Se l’Eterno degli eserciti non ci avesse lasciato un picciol residuo, saremmo come Sodoma, somiglieremmo a Gomorra.
10 Hoort des HEEREN woord, gij oversten van Sodom! neemt ter ore de wet onzes Gods, gij volk van Gomorra!
Ascoltate la parola dell’Eterno, o capi di Sodoma! Prestate orecchio alla legge del nostro Dio, o popolo di Gomorra!
11 Waartoe zal Mij zijn de veelheid uwer slachtoffers? zegt de HEERE; Ik ben zat van de brandoffers der rammen, en het smeer der vette beesten, en heb geen lust aan het bloed der varren, noch der lammeren, noch der bokken.

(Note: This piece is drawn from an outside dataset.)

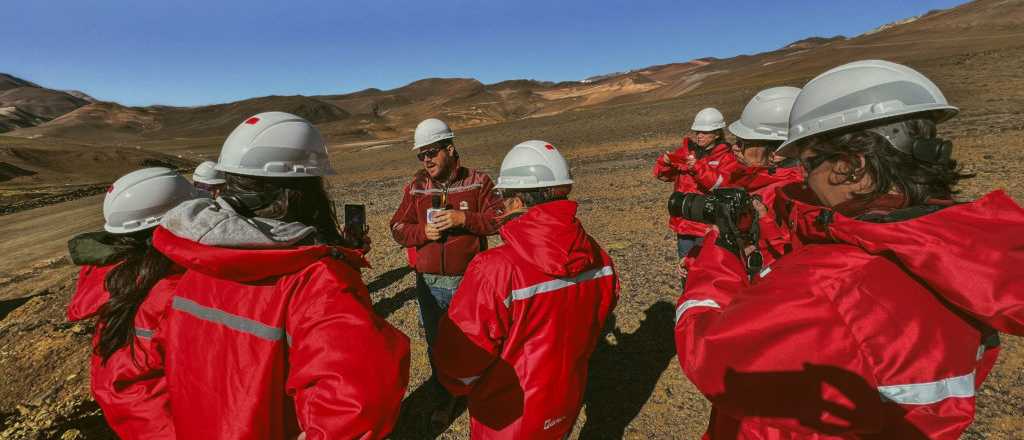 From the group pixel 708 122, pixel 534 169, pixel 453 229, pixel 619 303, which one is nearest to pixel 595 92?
pixel 708 122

Che m’importa la moltitudine de’ vostri sacrifizi? dice l’Eterno; io son sazio d’olocausti di montoni e di grasso di bestie ingrassate; il sangue dei giovenchi, degli agnelli e dei capri, io non li gradisco.
12 Wanneer gijlieden voor Mijn aangezicht komt te verschijnen, wie heeft zulks van uw hand geeist, dat gij Mijn voorhoven betreden zoudt?
Quando venite a presentarvi nel mio cospetto, chi v’ha chiesto di calcare i mie cortili?
13 Brengt niet meer vergeefs offer, het reukwerk is Mij een gruwel; de nieuwe maanden, en sabbatten, en het bijeenroepen der vergaderingen vermag Ik niet, het is ongerechtigheid, zelfs de verbodsdagen.
Cessate dal recare oblazioni vane; il profumo io l’ho in abominio; e quanto ai noviluni, ai sabati, al convocar raunanze, io non posso soffrire l’iniquità unita all’assemblea solenne.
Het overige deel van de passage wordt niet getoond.